Electrical impulses from the SA node spread through the conduction system and to the contractile myocytes. These myocytes have a different set of ion channels. In addition, their sarcoplasmic reticulum, the SR, stores a large amount of calcium. They also contain myofibrils. The contractile cells have a stable resting potential of -90mV and depolarize ONLY when stimulated, usually by a neighboring myocyte. When a cell is DE-polarized, it has more sodium and calcium inside the cell. These positive ions leak through the gap junctions to the adjacent cell and bring the membrane voltage of this cell up to the threshold of -70mV. At threshold, FAST sodium channels open creating a rapid sodium influx and a sharp rise in voltage. This is the depolarizing phase. L-type, or SLOW, calcium channels also open at -40mV, causing a slow but steady influx. As the action potential nears its peak, sodium channels close quickly, voltage-gated potassium channels open and these result in a small decrease in membrane potential, known as EARLY RE-polarization phase. The calcium channels, however, remain open and the potassium efflux is eventually balanced by the calcium influx. This keeps the membrane potential relatively stable for about 200 msec resulting in the PLATEAU phase, characteristic of cardiac action potentials. Calcium is crucial in coupling electrical excitation to physical muscle contraction. The influx of calcium from the extracellular fluid, however, is NOT enough to induce contraction. Instead, it triggers a MUCH greater calcium release from the SR, in a process known as “calcium-induced calcium release”. Calcium THEN sets off muscle contraction by the same “sliding filament mechanism” described for skeletal muscle. The contraction starts about half way through the plateau phase and lasts till the end of this phase.
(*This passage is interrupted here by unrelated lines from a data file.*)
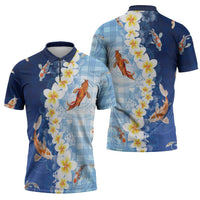 Hawaii And Japan Zipper Polo Shirt Plumeria Lei With Koi Fish Blue - Polynesian Pride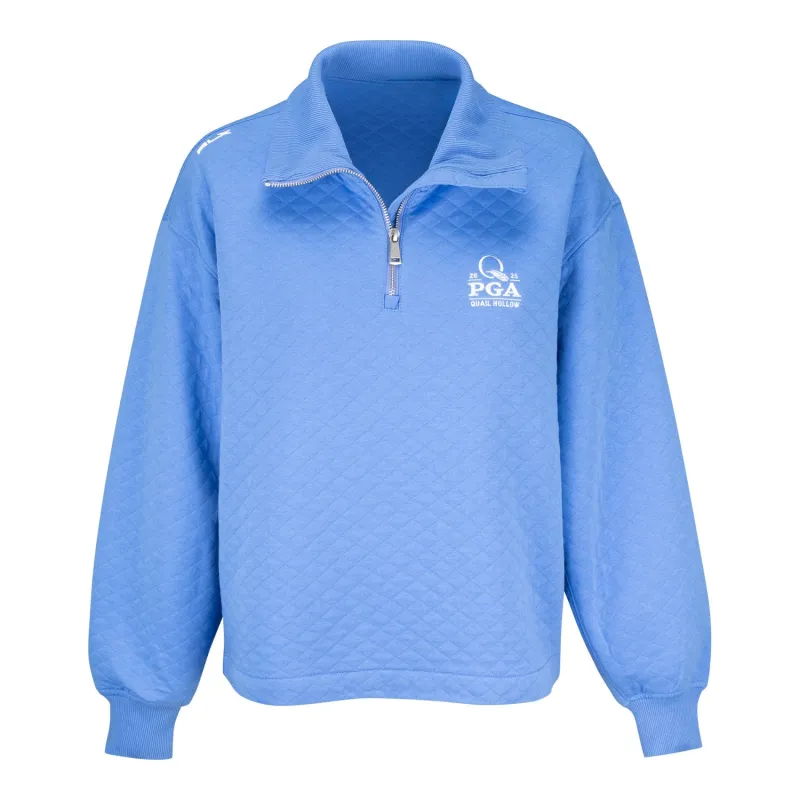 Ralph Lauren 2025 PGA Championship Women's Double Knit Quilted Quarter Zip in Summer Blue sold by PGA Tour
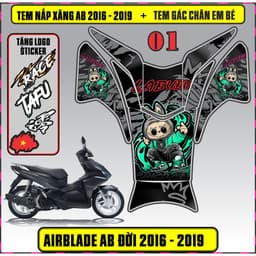 Tem Dán Nắp Xăng + Gác Chân Em Bé Xe AB Đời 2016 - 2019 Decal 3Lớp Mẫu Mới 5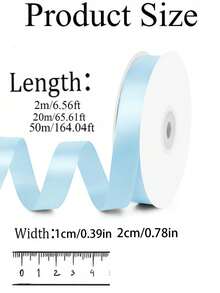 Pink Satin Ribbon, Rolled Pink Ribbon, Suitable For Holiday Parties, Birthday Parties, Gift Wrapping, Bouquets, Crafts, Wedding Decor, Christmas And Sewing Projects - Blue - View 8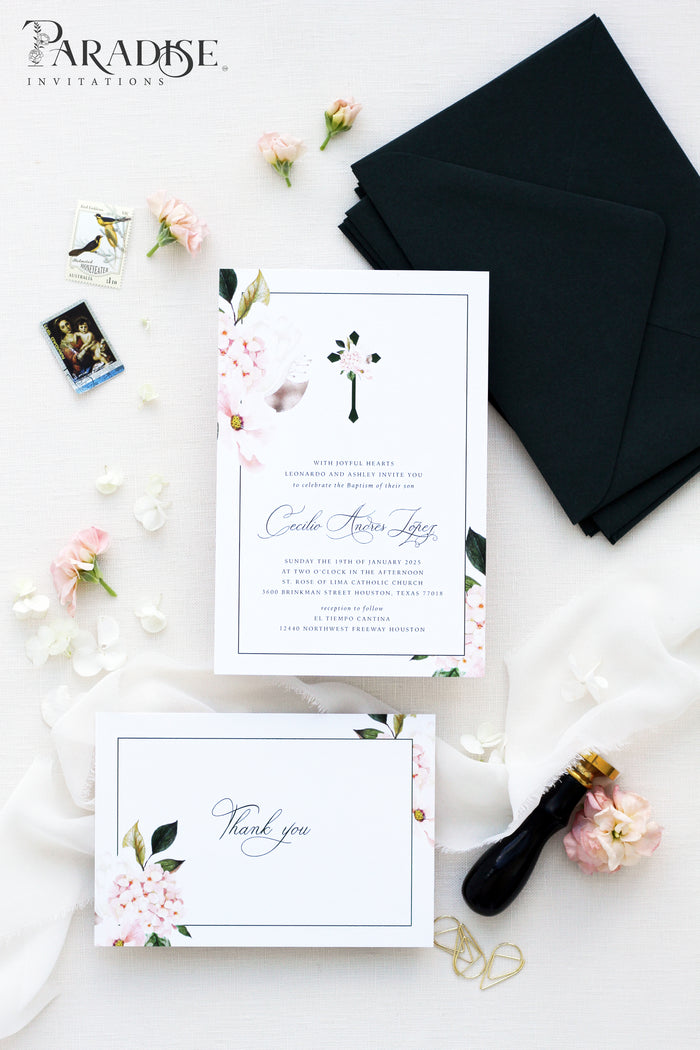 Liealia White Floral Christian Invitation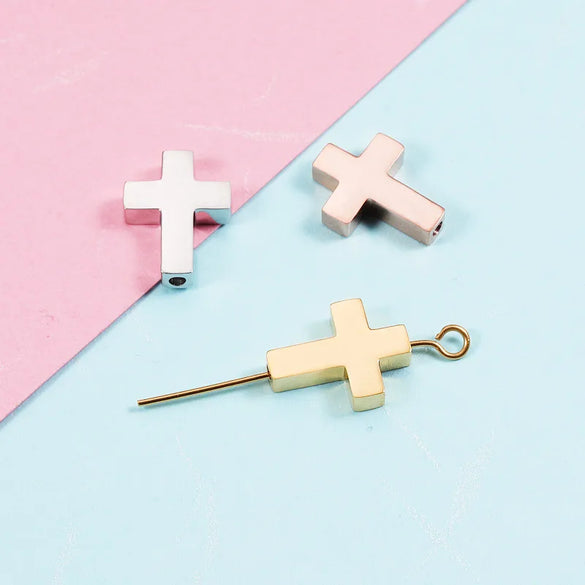 1 Piece Titanium Steel 18K Gold Plated Cross Customization Laser Engraving Pendant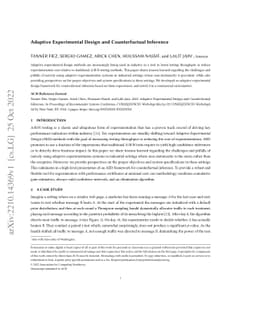Adaptive Experimental Design and Counterfactual Inference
As calcium channels slowly close, potassium efflux predominates and membrane voltage returns to its resting value. Calcium is actively transported out of the cell and also back to the SR. The sodium/potassium pump then restores the ionic balance across the membrane.

Because of the plateau phase, cardiac muscle stays contracted longer than skeletal muscle. This is necessary for expulsion of blood from the heart chambers. The absolute refractory period is also much longer – 250 msec compared to 1 msec in skeletal muscle. This long refractory period is to make sure the muscle has relaxed before it can respond to a new stimulus and is essential in preventing summation and tetanus, which would stop the heart from beating.